La sfida è certamente complessa per vari motivi. Oltre ai tempo brevissimi, la disaffezione delle persone renderà difficile raggiungere il quorum, cioè la partecipazione di almeno la metà degli aventi diritto, per cui si richiede una enorme partecipazione popolare.
Inoltre L’ammissibilità del referendum non può essere data per scontata, alla luce di una pregressa giurisprudenza costituzionale, che i costituzionalisti ritengono debole.2

Attivare interrogazioni/interpellanze, attraverso cui i parlamentari di opposizione incalzano i negoziatori durante le intese (Governo ed esecutivi regionali) sulle materie e le funzioni oggetto del negoziato (Caderoli), sugli aspetti finanziari (Giorgetti) in rapporto ai Lep, su aspetti che ledono le politiche pubbliche, l’unità giuridica ed economica del paese (Presidente Consiglio).
Per portare a termine tutto questo nel breve termine che si richiede durante il periodo estivo che si annuncia caldissimo è necessario che si costituisca un fronte largo, trasversale e inclusivo di tutti i promotori: Comitati contro l’autonomia differenziata, partiti, organizzazioni, associazioni e altri e che si ricorra sia alla raccolta cartacea sia alle firme digitali on line (tramite spid).

La raccolta cartacea è fondamentale perché ci permette di parlare con i cittadini e le cittadine, gran parte dei quali sono all’oscuro delle complesse implicazioni contenute nell’applicazione della legge e che andranno ad incidere pesantemente nella loro vita quotidiana e sui loro diritti con effetti che si paleseranno anche dopo molto tempo.

NOTE

2- Il procedimento prevede: l’iniziativa della regione interessata. Il negoziato tra governo e regione per definire un’intesa preliminare. L’approvazione dello schema di intesa preliminare da parte del Consiglio dei Ministri, con parere della Conferenza Unificata. L’esame da parte delle Camere che si esprimono con atti di indirizzo. La predisposizione dell’intesa definitiva. L’approvazione dell’intesa definitiva dalla regione e dal Parlamento a maggioranza assoluta. Le intese hanno durata massima di 10 anni, rinnovabili.

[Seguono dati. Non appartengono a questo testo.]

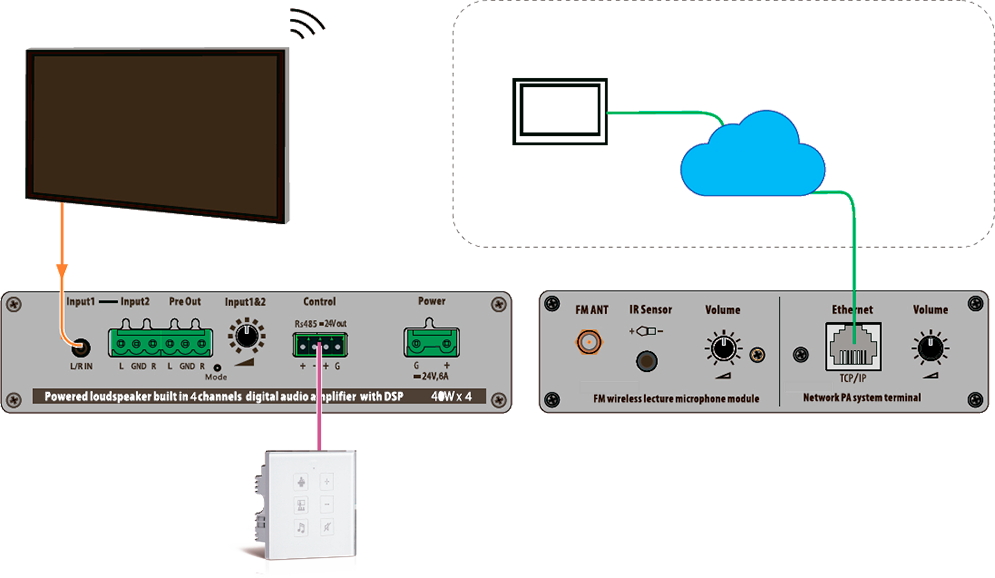   Prestel SSB-160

2- L’obiezione dice che essendo collegata ala finanziaria non può essere sottoposta a referendum. Ma non dovrebbe valere in questo caso perché si dichiara che c’è invarianza finanziaria; secondo motivo la presunta vincolatività di una legge solo procedurale a fronte di una disposizione costituzionale che non obbliga ma si limita a permettere la richiesta di ulteriori forme di autonomia.